This exercise asks for the records to be retyped exactly as they read.

*** Provided data ***

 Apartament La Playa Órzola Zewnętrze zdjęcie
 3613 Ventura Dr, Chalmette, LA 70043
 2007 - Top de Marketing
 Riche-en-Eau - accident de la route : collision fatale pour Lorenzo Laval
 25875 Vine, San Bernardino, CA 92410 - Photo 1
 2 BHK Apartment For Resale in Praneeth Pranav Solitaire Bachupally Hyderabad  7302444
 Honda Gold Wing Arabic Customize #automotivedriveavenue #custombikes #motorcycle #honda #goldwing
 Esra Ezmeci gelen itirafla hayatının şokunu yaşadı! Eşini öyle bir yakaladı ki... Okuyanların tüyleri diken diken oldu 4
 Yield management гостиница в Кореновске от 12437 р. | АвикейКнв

*** End of Provided data ***

● **Solution**
 Apartament La Playa Órzola Zewnętrze zdjęcie
 3613 Ventura Dr, Chalmette, LA 70043
 2007 - Top de Marketing
 Riche-en-Eau - accident de la route : collision fatale pour Lorenzo Laval
 25875 Vine, San Bernardino, CA 92410 - Photo 1
 2 BHK Apartment For Resale in Praneeth Pranav Solitaire Bachupally Hyderabad  7302444
 Honda Gold Wing Arabic Customize #automotivedriveavenue #custombikes #motorcycle #honda #goldwing
 Esra Ezmeci gelen itirafla hayatının şokunu yaşadı! Eşini öyle bir yakaladı ki... Okuyanların tüyleri diken diken oldu 4
 Yield management гостиница в Кореновске от 12437 р. | АвикейКнв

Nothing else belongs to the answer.